A técnica coloca os bebês em pequenas redes dentro da incubadora, ajudando a adquirir uma posição mais confortável, semelhante a que estava no útero materno

24 de outubro de 2019

Por Tereza Fernandes/ Secretaria da Saúde do Estado do Ceará (Sesa)

Redeterapia: Na Unidade de Terapia Intensiva Neonatal (Utin) do Hospital Regional Norte em Sobral, a pequena Maria Esperança recebe todo o cuidado da equipe desde que nasceu. Saudável, a bebê passa boa parte do tempo em uma rede adaptada ao seu tamanho dentro de sua incubadora. (Foto: Divulgação)

Redeterapia: Na Unidade de Terapia Intensiva Neonatal (Utin) do Hospital Regional Norte em Sobral, a pequena Maria Esperança recebe todo o cuidado da equipe desde que nasceu. Saudável, a bebê passa boa parte do tempo em uma rede adaptada ao seu tamanho dentro de sua incubadora. (Foto: Divulgação)

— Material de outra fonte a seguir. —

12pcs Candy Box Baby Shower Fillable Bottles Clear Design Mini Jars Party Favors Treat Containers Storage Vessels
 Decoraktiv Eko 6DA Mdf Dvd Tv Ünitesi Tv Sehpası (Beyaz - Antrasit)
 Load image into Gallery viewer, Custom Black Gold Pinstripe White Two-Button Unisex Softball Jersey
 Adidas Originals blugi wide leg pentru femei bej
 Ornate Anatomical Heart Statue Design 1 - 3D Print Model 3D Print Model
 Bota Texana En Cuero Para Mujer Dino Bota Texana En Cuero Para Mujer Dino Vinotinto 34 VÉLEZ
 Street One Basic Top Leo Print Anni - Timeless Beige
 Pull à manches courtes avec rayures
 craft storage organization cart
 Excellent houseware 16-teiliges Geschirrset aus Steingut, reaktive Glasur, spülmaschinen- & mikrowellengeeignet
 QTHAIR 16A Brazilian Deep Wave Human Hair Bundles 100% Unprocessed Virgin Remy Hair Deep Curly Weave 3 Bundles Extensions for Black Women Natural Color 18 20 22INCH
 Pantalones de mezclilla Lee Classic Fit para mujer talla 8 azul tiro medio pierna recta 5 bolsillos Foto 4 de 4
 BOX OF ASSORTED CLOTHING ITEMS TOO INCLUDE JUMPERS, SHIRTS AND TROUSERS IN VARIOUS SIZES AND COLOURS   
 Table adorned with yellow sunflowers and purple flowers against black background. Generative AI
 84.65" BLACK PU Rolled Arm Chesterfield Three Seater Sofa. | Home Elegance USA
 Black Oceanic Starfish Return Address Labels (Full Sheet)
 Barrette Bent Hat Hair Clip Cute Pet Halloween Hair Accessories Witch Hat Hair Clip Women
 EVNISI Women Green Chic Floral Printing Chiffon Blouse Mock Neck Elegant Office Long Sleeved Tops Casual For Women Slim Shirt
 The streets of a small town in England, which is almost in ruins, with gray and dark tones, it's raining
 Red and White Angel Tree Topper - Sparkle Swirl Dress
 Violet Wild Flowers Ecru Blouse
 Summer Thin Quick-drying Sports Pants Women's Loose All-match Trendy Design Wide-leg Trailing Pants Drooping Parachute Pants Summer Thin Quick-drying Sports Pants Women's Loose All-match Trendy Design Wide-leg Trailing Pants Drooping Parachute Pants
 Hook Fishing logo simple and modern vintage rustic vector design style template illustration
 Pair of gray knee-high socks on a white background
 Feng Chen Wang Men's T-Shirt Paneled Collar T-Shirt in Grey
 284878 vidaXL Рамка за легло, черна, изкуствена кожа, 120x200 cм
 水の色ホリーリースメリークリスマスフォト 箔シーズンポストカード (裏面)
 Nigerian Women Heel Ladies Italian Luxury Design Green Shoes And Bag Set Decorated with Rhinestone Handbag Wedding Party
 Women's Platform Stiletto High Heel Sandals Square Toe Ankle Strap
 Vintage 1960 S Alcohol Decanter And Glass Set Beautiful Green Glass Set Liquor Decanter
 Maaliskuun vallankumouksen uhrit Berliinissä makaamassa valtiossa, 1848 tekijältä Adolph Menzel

A redeterapia, técnica na qual os bebês mais estáveis são colocados em pequenas redes dentro da incubadora, ajuda a criança a adquirir uma posição mais confortável, semelhante a que estava no útero materno. “A redeterapia consegue deixar o bebê mais aconchegado, simulando a posição intrauterina. Além disso, como o tecido é mais macio, exerce menos pressão sobre a pele do bebê evitando lesões. Os bebês até provocam um balanço suave na rede quando mexem as perninhas, ficando mais calmos e adormecendo com facilidade”, ressalta a coordenadora da Neonatologia do HRN, a médica Renata Freitas.

Segundo ela, o tratamento acaba acelerando o processo de recuperação e alta dos bebês. A orientação médica para que o bebê seja colocado na rede é feita em parceria com a equipe da fisioterapia para garantir que as crianças permaneçam na posição mais adequada ao seu desenvolvimento.

Na Unidade de Terapia Intensiva Neonatal (Utin) do Hospital Regional Norte em Sobral, do Governo do Ceará, a pequena Maria Esperança recebe todo o cuidado da equipe desde que nasceu. Saudável, a bebê passa boa parte do tempo em uma rede adaptada ao seu tamanho dentro de sua incubadora.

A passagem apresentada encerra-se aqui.